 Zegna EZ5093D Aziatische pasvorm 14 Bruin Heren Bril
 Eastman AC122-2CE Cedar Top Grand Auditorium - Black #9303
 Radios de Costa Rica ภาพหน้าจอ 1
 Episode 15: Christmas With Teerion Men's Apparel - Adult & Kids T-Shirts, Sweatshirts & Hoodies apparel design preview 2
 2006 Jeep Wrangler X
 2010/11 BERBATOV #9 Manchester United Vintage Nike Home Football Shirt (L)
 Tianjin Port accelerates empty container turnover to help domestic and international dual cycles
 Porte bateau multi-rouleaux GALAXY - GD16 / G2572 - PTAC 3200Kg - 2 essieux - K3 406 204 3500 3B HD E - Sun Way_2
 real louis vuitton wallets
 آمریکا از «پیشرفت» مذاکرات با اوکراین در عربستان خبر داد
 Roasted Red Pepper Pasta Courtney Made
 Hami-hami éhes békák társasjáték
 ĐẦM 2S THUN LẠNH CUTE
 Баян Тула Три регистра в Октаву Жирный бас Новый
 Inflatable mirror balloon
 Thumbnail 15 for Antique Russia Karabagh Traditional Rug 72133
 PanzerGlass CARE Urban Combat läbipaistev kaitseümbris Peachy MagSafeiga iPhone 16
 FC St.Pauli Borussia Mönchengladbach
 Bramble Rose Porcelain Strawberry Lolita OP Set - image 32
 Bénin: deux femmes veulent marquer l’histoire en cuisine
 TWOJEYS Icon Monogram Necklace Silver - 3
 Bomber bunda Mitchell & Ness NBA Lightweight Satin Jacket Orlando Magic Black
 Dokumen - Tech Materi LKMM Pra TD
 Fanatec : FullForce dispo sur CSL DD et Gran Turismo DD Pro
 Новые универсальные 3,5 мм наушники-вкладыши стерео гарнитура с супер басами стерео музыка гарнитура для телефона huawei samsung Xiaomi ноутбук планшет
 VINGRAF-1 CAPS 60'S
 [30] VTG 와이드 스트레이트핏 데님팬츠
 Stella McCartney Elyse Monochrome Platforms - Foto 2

Required work: Nothing in the records may be left out; copy them all exactly.

Exercise solution:
 Zegna EZ5093D Aziatische pasvorm 14 Bruin Heren Bril
 Eastman AC122-2CE Cedar Top Grand Auditorium - Black #9303
 Radios de Costa Rica ภาพหน้าจอ 1
 Episode 15: Christmas With Teerion Men's Apparel - Adult & Kids T-Shirts, Sweatshirts & Hoodies apparel design preview 2
 2006 Jeep Wrangler X
 2010/11 BERBATOV #9 Manchester United Vintage Nike Home Football Shirt (L)
 Tianjin Port accelerates empty container turnover to help domestic and international dual cycles
 Porte bateau multi-rouleaux GALAXY - GD16 / G2572 - PTAC 3200Kg - 2 essieux - K3 406 204 3500 3B HD E - Sun Way_2
 real louis vuitton wallets
 آمریکا از «پیشرفت» مذاکرات با اوکراین در عربستان خبر داد
 Roasted Red Pepper Pasta Courtney Made
 Hami-hami éhes békák társasjáték
 ĐẦM 2S THUN LẠNH CUTE
 Баян Тула Три регистра в Октаву Жирный бас Новый
 Inflatable mirror balloon
 Thumbnail 15 for Antique Russia Karabagh Traditional Rug 72133
 PanzerGlass CARE Urban Combat läbipaistev kaitseümbris Peachy MagSafeiga iPhone 16
 FC St.Pauli Borussia Mönchengladbach
 Bramble Rose Porcelain Strawberry Lolita OP Set - image 32
 Bénin: deux femmes veulent marquer l’histoire en cuisine
 TWOJEYS Icon Monogram Necklace Silver - 3
 Bomber bunda Mitchell & Ness NBA Lightweight Satin Jacket Orlando Magic Black
 Dokumen - Tech Materi LKMM Pra TD
 Fanatec : FullForce dispo sur CSL DD et Gran Turismo DD Pro
 Новые универсальные 3,5 мм наушники-вкладыши стерео гарнитура с супер басами стерео музыка гарнитура для телефона huawei samsung Xiaomi ноутбук планшет
 VINGRAF-1 CAPS 60'S
 [30] VTG 와이드 스트레이트핏 데님팬츠
 Stella McCartney Elyse Monochrome Platforms - Foto 2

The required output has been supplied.